BoW part 2: gather/manifest submission

[edit, 28/ July: I updated and included links to a new concept map; and to a discussion that points towards Research on the theory/concept of how ‘material’ is engaged with here and what that means for the materiality of the project; I also included headings to orientate the reader better]

I have struggled (or am struggling) a little to delineate the materials that form part of this submission: they are extensive, a little excessive even and their form seems indeterminate. Part of the point where I am at now is to consider this struggle as useful. So: here it is.

I delayed the submission for a couple of months as I felt I didn’t have enough materials to point towards the manifestations that I was intent on exploring. The range of experiments and pursuits since the first assignment is relatively vast (but, perhaps along what marked D2, I am wondering what constitutes Drawing, even in an expanded field). However: what it contains and does pursue are questions over performance, over drawing/contact, the concept map from A1 but also questions over audience, relationship between artwork and author/audience. It also takes serious the focus on the small and intimate (both in encounter, but also perhaps in subject matter). It also has pursued and clarified further the ideas around near space, the sensorial and a shifting and moving between different registers.

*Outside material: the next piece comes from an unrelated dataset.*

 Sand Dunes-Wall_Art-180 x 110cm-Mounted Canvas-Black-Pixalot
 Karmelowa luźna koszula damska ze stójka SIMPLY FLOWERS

So, what this post will try to achieve is to delineate the (leaky) container of my current sketchbook and to offer some routes into the material for discussion and a round of critique before focussing in further.

Material explorations (1: performance/ social)

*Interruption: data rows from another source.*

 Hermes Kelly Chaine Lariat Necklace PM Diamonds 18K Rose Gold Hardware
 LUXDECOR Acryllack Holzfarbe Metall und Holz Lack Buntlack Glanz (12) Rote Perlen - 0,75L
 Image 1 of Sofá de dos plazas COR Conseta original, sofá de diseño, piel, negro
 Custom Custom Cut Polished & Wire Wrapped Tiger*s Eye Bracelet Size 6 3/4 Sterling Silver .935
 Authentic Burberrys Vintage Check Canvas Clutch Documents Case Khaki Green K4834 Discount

The material that I explored concerns, in the main, a series of encounters/situations of exploring what I understand as near space in an embodied, sensorial form of drawing as expanded field.

These are:

A series of events (identified and explored after their occurrence)

A series of 1:1 encounters that are explicitly set up to explore the above.

A series of gestures

  • they are mentioned at the start of the first drawing/contact meeting;
  • they are also mentioned in some of the sketchbook notes.
  • Yet: I possibly feel most uncertain about them, but would like to discuss further
  • (part of the uncertainty has to do with authoring/voice; in what kind of process these sit: it is about moving-with, the concept that is the centre of the second presentation [see script below], it seems to have moved from performance more so to choreography/dance)

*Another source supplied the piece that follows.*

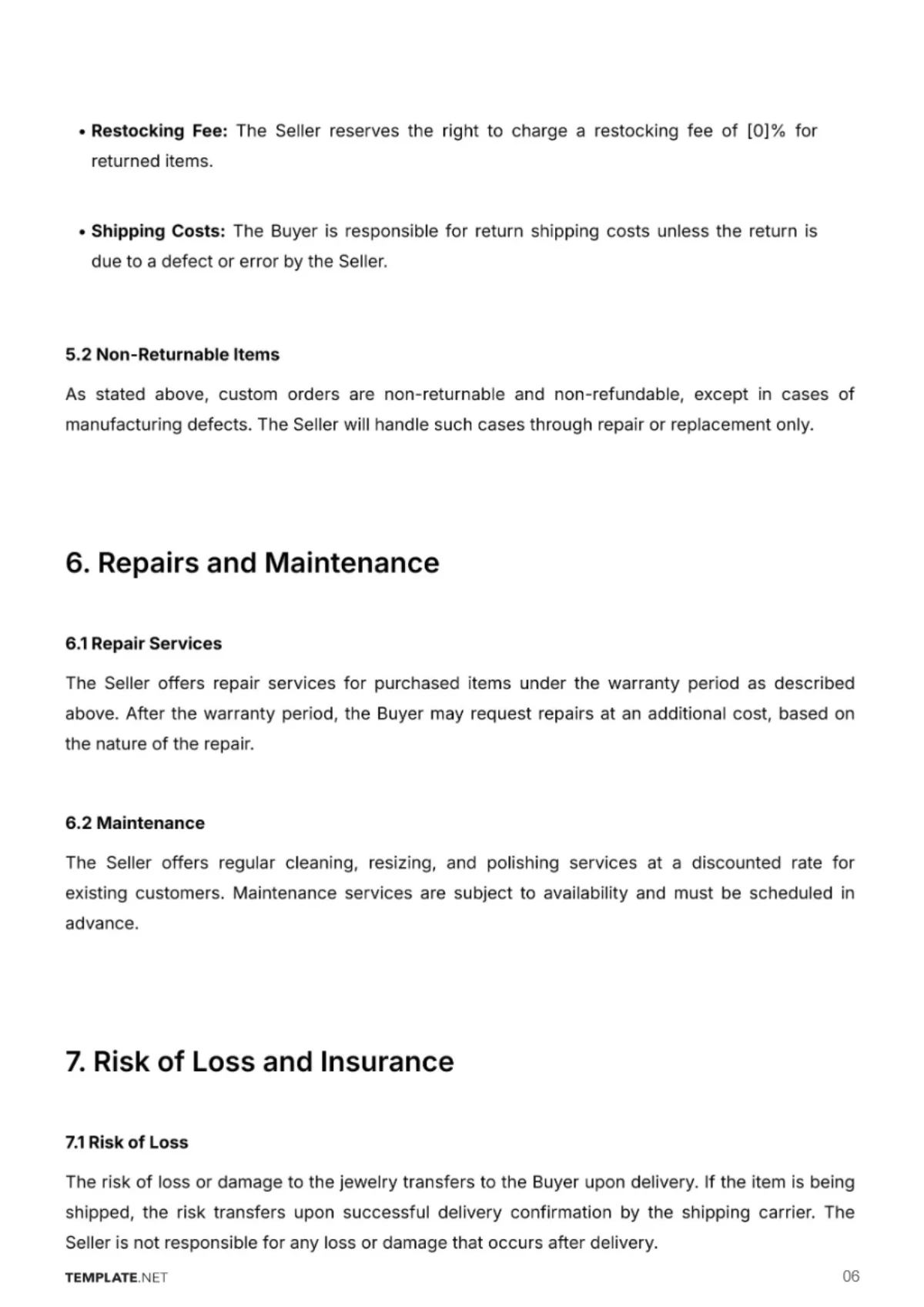 Free Jewelry Store Contract Template to Edit Online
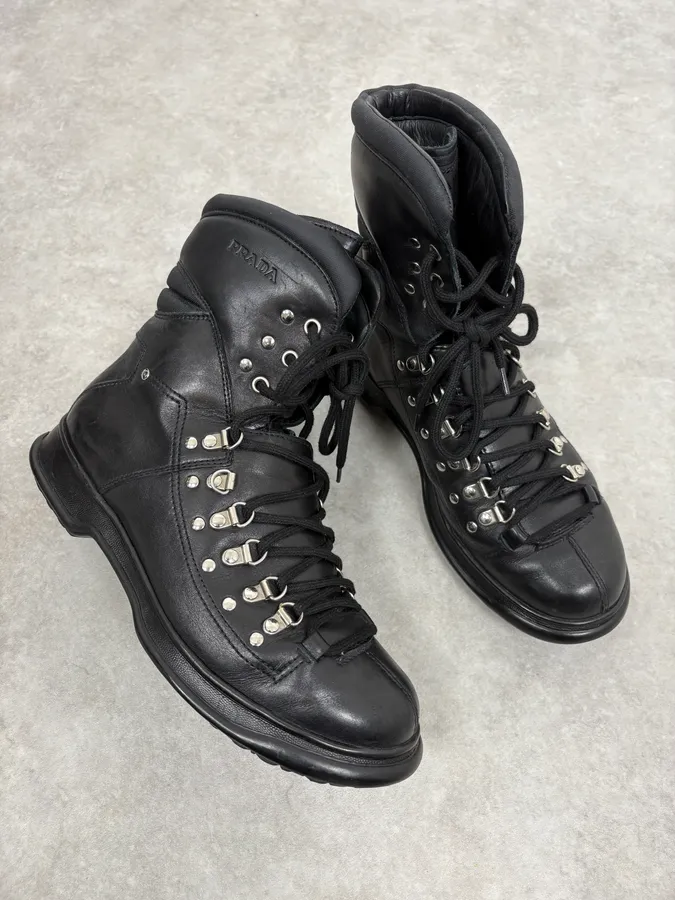 SS2000 Prada Black Leather Ankle Metallic Boots - Image 5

— I started considering these as somewhat connected to relational aesthetics, a feminist version of this; and also have been reminded of Grant Kester’s Dialogical Art in a conference presentation a couple of weeks ago.

There are a number of different forms/ media that I explored:

The concept map drawings (and some experiments to develop these both analog and digitally)

A couple of booklets/zines:

A series of performative sketches and scores:

Academic presentations (both performative in form/nature)

A FB album from my travels in Greece which became a performative research thing during the week at Made of Walking

A 5000 word essay on the line which is a mix of creative writing and academic article: Gesa Helms Moving-with a line_080619_FINAL_image placement

A sketchbook since mid-June which is travel log but also site of experimentation.

Conceptual/theoretical concerns: moving-with and near space

There is a key set of works and concerns that I felt my week in Prespes was touching on and exploring: the question of site, audience and authorship. I am really intrigued and excited by some of these considerations and findings as I feel they will fold forward to address the question of form and placement of this final body of work: https://close-open.net/2019/07/24/a-week-on-agios-achilleios-as-site/

There are a number of posts which exemplify this approach (and they sit within the FB album). Exemplary, I have moved one into the blog (the issue with moving is that they need a making strange, rewriting to work anonymously in public):

Much of the focus has explicitly rested on the work that is the line, its revisiting, re-publishing, re-editing but also the creation of some new elements and in exploring what is old and what is an artistic practice that folds forward.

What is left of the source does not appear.